Krank zur Arbeit hat für manche etwas Tapferes. Aber selbst Arbeitgeber sollten daran nicht interessiert sein. Denn ein kranker Mitarbeiter ist ein Risiko für Kollegen und auch das Unternehmen. – Foto: AdobeStock/LIGHTFIELD STUDIOS

„Präsentismus“: Das klingt nach ein bisschen nach einer Richtung in der Philosophie, nach einer Weltanschauung – und tatsächlich ist da auch etwas dran. Denn es beschreibt den Glauben, in jedem Zustand am Arbeitsplatz präsent sein zu müssen – selbst dann, wenn es schlecht für einen selbst, für die Kollegen wie für das Unternehmen sein kann: bei Krankheit. Trotzdem: Jeder zweite Beschäftigte in Deutschland tut das – und geht „manchmal, häufig oder sogar sehr häufig“ krank zur Arbeit.  Das ist ein Ergebnis der aktuellen „Beschäftigtenstudie“, die das Institut für Betriebliche Gesundheitsberatung (IFBG) zusammen mit der Techniker Krankenkasse (TK) durchgeführt hat.

Präsentismus: Negative Folgen für Beschäftigte und Unternehmen

„Wenn Mitarbeitende trotz Krankheit arbeiten, kann das nicht nur für sie selbst negative Folgen haben, sondern auch für das Unternehmen. Krankheiten werden verschleppt, Kolleginnen und Kollegen angesteckt und es passieren mehr Fehler", sagt Jens Baas, Vorstandsvorsitzender der TK.

Trotz Kranksein arbeiten: Frauen opfern sich häufiger auf

Für die Studie befragten die Wissenschaftler mehr als 11.000 Beschäftigte aus 43 Unternehmen und Öffentlichen Einrichtungen. Die Auswertung zeigt, dass weibliche Beschäftigte eher zu Präsentismus neigen als ihre männlichen Kollegen. So geben 56 Prozent der befragten Frauen an, manchmal, häufig oder sehr häufig krank zu arbeiten, bei den Männern sind es 47 Prozent.

Hohe Arbeitsbelastung – viel Präsentismus

Ob Beschäftigte krank zur Arbeit gehen, hängt der Studie zufolge auch mit der Arbeitslast in ihrem Job zusammen: Wer viele Überstunden macht oder generell zu wenig Zeit für berufliche Aufgaben hat, geht häufiger krank zur Arbeit.
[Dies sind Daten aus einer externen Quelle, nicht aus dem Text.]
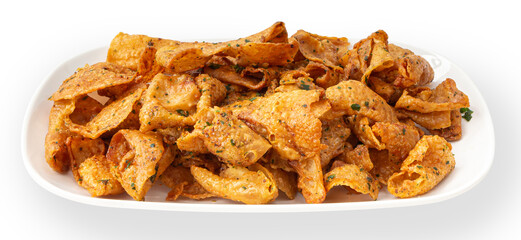 Crispy chicken skin on a white plate.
Dass viele Arbeitnehmerinnen und Arbeitnehmer belastet sind, zeigt die Befragung: Ein Drittel macht demnach oft oder immer Überstunden, knapp 40 Prozent haben oft oder immer zu wenig Zeit, um alle beruflichen Aufgaben zu erledigen.

Belastungsphänomene am Arbeitsplatz: Die Top vier

Die Befragungsergebnisse zeigen auch: Äußere Faktoren wie zum Beispiel die Gestaltung des Arbeitsplatzes spielen für viele Beschäftigte eine wichtige Rolle - und viele wünschen sich hier auch mehr Angebote ihres Arbeitgebers. Die Top-Belastungsfaktoren, durch die sich die Befragten sehr stark oder stark belastet fühlen, sind:

  1. lange Bildschirmzeiten (56 Prozent)
  2. die Arbeitshaltung (48 Prozent)
  3. die Raumtemperatur (19 Prozent)
  4. Lärm (17 Prozent).

Präsentismus: In der Pflegebranche besonders verbreitet

Erst Ende Oktober hatte die AOK eine Befragung von Personal zur selben Problematik veröffentlicht. Darin zeigt sich, dass die Praxis, krank zur Arbeit zu gehen, besonders in Pflegeberufen offenbar weit verbreitet ist. „Viele Beschäftige tendieren im Arbeitsalltag häufig dazu, eigene Belastungsgrenzen aus Loyalität zum Team zu überschreiten“, sagt Werner Winter, Experte für Betriebliche Gesundheitsförderung (BGF) im AOK-Bundesverband.“ Sie sind der Überzeugung, dass sie ihrem Unternehmen und den Kolleginnen und Kollegen etwas Gutes tun, wenn sie krank zur Arbeit erscheinen.“ Ein weiterer Grund für Präsentismus sei: Pflege ist ein besonderer Beruf. Pflegende bauen eine persönliche Beziehung zu den Menschen auf, um die sie sich kümmern und fühlen sich für sie verantwortlich.

Krank zur Arbeit: Auch das Unfallrisiko steigt

Zu den Risiken des Präsentismus sagt AOK-Experte Winter: „Die Betroffenen erholen sich nicht angemessen, Krankheiten können chronisch werden und Beschäftigte fallen womöglich noch länger aus.“ Im Falle von Infektionskrankheiten können andere, etwa Teammitglieder angesteckt werden. Auch das Fehler- und Unfallrisiko steigt nachweislich. Gerade in der medizinischen und pflegerischen Versorgung können Fehler schwere Konsequenzen nach sich ziehen und kranke und pflegebedürftige Menschen in Gefahr bringen.

Eckdaten der Präsentismus-Studie

An den Befragungen im Rahmen der Beschäftigtenstudie „How's work? Was Beschäftigte in Deutschland bewegt und belastet" nahmen 11.199 Beschäftigte aus 43 Organisationen in den Jahren 2018 bis 2021 teil. Der überwiegende Teil der Befragten ist in Wirtschaftsunternehmen tätig (84 Prozent), der andere Teil ist in Öffentlichen Einrichtungen angestellt (16 Prozent).